BJP leader Narendra Modi, (centre), performs the Hindu Ganga Puja prayer ritual at the Dashaswamadeh Ghat on the Holy River Ganges the day after his landslide election victory in Varanasi, India on on May 17 2014
Narendra Modi, (centre), performs the Hindu Ganga Puja prayer ritual at the Dashaswamadeh Ghat on the Holy River Ganges after elections as prime minister © Getty

Narendra Modi, India’s prime minister in waiting, met senior members of his Hindu nationalist Bharatiya Janata party on Sunday to discuss cabinet appointments and plans to revive the economy after an overwhelming victory in the general election.

So comprehensive was the defeat of the Congress party after 10 years in power that Mr Modi joked that its leaders would need to find allies to form a coherent opposition in the Lok Sabha, the lower house of parliament.

“Normally, coalitions are forged to form a government,” he said in Varanasi, the holy Hindu city where he stood as a candidate, and where he went on Saturday night to pray and give thanks at the River Ganges. “But now, a coalition is being put together to form an opposition.

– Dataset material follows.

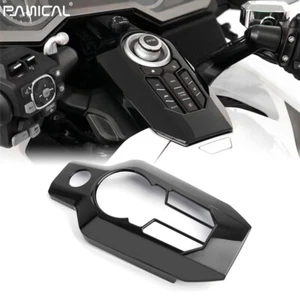 Panical Black Center Console Trim Cover For Honda Goldwing GL1800 F6B 2018-2025 - Bild 1 von 9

The people of the country have given them a slap in the face.”

Mr Modi is set to be sworn in as prime minister in the middle of next week, with high-level ministerial appointments also expected in the coming days, including for the post of finance minister.  

The BJP took 282 of the 543 seats in the lower house, while Congress secured only 44 nationwide, barely more than the 37 won by the AIADMK party led by Jayalalithaa, chief minister of the southern state of Tamil Nadu. 

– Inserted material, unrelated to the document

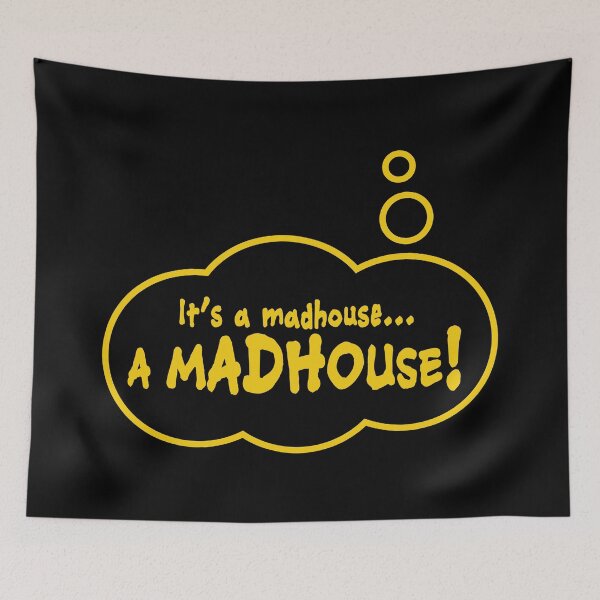Item preview, A Madhouse of apes designed and sold by TMBTM.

Nandan Nilekani, billionaire co-founder of IT giant Infosys, contested a seat in Bangalore for Congress but lost to his BJP rival.

Other parties, including the new anti-corruption Aam Aadmi or Common Man Party and those of the far left, also did badly, while Mayawati, a once-popular regional leader who championed Dalits (the former “untouchables”), did not win a single seat.

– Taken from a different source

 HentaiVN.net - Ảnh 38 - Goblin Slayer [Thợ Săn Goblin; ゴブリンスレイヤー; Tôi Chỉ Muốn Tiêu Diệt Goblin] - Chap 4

Further reverberations from Mr Modi’s landslide election victory came on Sunday, with the resignation of Nitish Kumar, the business-friendly chief minister of the northern state of Bihar, following his party's heavy defeat by the BJP.

The 81-year-old Manmohan Singh, prime minister for the past decade, also resigned on Saturday, amid a mixture of praise for his gentlemanly behaviour and criticism of the corruption and indecision that marred the final years of his term in office.

Mr Singh said he was confident that India would emerge as a “major powerhouse” of the global economy, but the election results suggested that the more than 500m Indians who voted thought Mr Modi would do a better job of economic management.

“Definitely you’ll see more agility in the government,” said one of Mr Modi’s advisers, referring to the dozens of power and transport projects that had stalled under Congress, to the exasperation of investors.

“On infrastructure, a tangible big-ticket item, there will be movement. Power will get better,” he said. “Roads will get fast-tracked. Ports, airports and all those things will get better.”

With Mr Modi in command of the world’s largest democracy, the US moved quickly to dispel questions about whether he would be granted a visa – denied him since 2005 because of accusations about his role in anti-Muslim violence in Gujarat three years earlier.

President Barack Obama called Mr Modi to congratulate him. The White House said Mr Obama wanted to “fulfil the extraordinary promise of the US-India strategic partnership, and they agreed to continue expanding and deepening the wide-ranging co-operation between our two democracies”.